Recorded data
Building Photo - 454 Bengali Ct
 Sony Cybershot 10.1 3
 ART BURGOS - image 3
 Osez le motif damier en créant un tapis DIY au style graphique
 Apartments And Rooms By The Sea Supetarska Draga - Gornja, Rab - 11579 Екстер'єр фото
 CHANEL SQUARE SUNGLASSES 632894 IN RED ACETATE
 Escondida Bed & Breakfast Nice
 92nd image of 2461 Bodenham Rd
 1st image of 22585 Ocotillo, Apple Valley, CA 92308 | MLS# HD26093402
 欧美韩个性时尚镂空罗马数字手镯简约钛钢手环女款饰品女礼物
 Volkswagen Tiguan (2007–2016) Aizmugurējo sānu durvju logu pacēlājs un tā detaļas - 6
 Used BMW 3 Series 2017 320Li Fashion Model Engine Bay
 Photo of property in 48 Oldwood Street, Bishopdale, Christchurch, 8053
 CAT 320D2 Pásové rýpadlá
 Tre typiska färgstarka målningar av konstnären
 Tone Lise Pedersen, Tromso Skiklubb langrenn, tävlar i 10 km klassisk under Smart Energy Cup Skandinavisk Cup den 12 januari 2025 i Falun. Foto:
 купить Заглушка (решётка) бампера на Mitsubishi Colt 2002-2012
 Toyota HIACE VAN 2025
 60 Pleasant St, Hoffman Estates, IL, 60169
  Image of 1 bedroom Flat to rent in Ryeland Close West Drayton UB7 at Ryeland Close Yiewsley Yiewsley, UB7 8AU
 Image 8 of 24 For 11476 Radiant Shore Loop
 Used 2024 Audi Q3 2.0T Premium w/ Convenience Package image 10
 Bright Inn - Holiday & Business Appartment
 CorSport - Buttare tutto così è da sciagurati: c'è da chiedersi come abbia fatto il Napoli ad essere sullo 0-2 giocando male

■ TASK PROMPT:
Set aside each line above that includes the string "Photo" and report it.

■ RESULT:
Building Photo - 454 Bengali Ct
 Photo of property in 48 Oldwood Street, Bishopdale, Christchurch, 8053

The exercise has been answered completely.